:: Material for the task ::

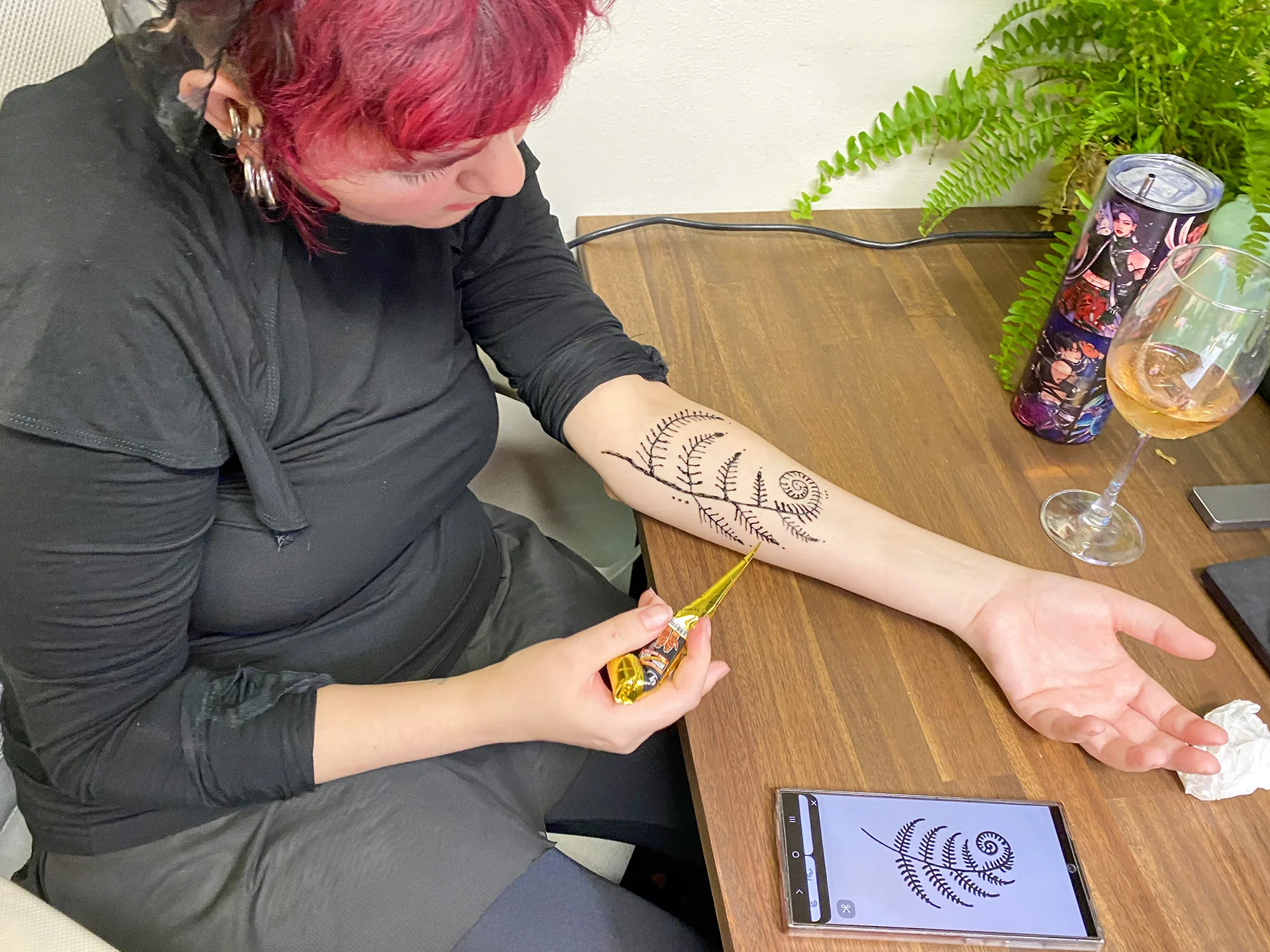 Dočasné tetování: 4hodinový workshop malování hennou vč. občerstvení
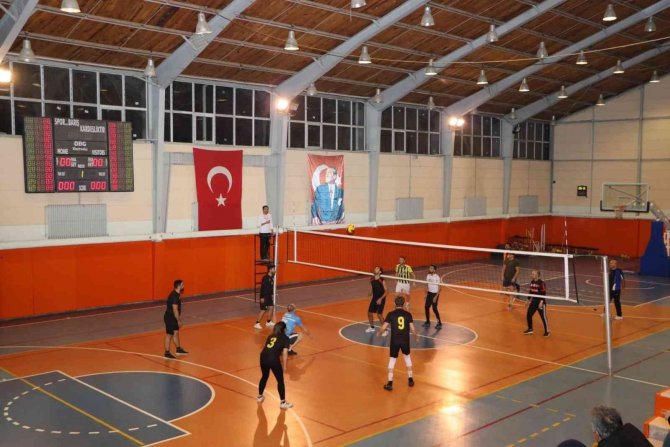 Voleybol Turnuvası Heyecan Dolu Maçlar İle Devam Ediyor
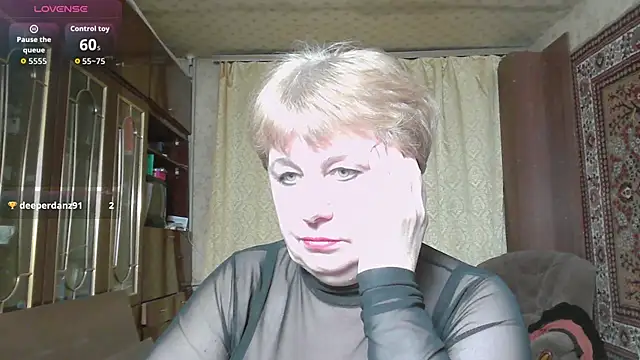 Casey peach online show from 04-05-26, 04:37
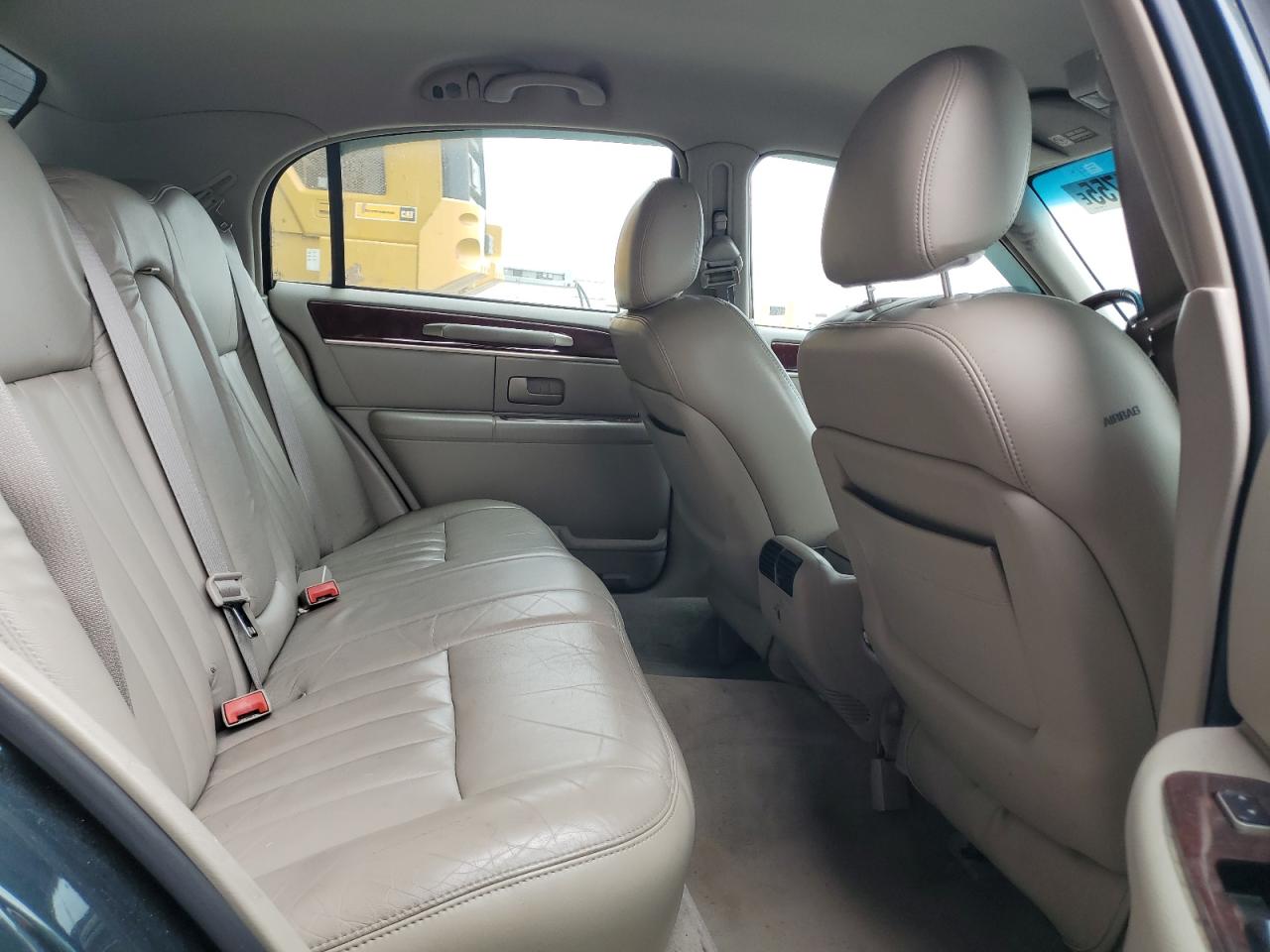 2003 Lincoln Town Car Signature VIN: 1LNHM82W13Y618811 Lot: 84031755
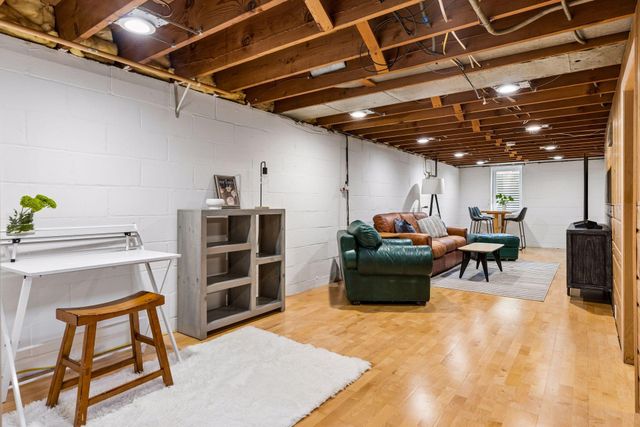 5950 Upton Avenue S, Minneapolis, MN 55410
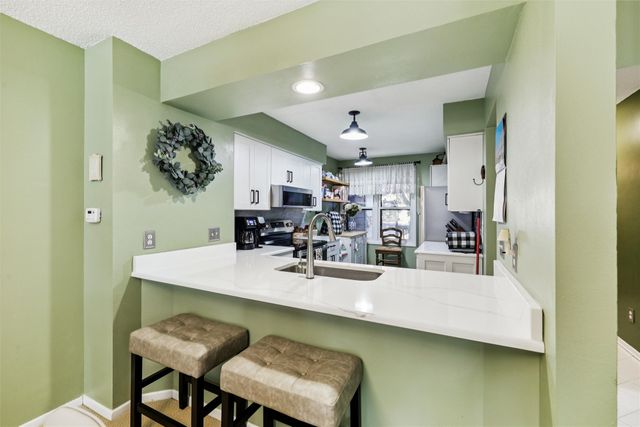 6174 Terrace Drive 13, Johnston, IA 50131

:::

[Task requirements] Your answer must be an exact copy of the lines above, from the line that contains "Voleybol Turnuvası Heyecan" through the final line, with no pictures in it.

[Output for this exercise]
 Voleybol Turnuvası Heyecan Dolu Maçlar İle Devam Ediyor
 Casey peach online show from 04-05-26, 04:37
 2003 Lincoln Town Car Signature VIN: 1LNHM82W13Y618811 Lot: 84031755
 5950 Upton Avenue S, Minneapolis, MN 55410
 6174 Terrace Drive 13, Johnston, IA 50131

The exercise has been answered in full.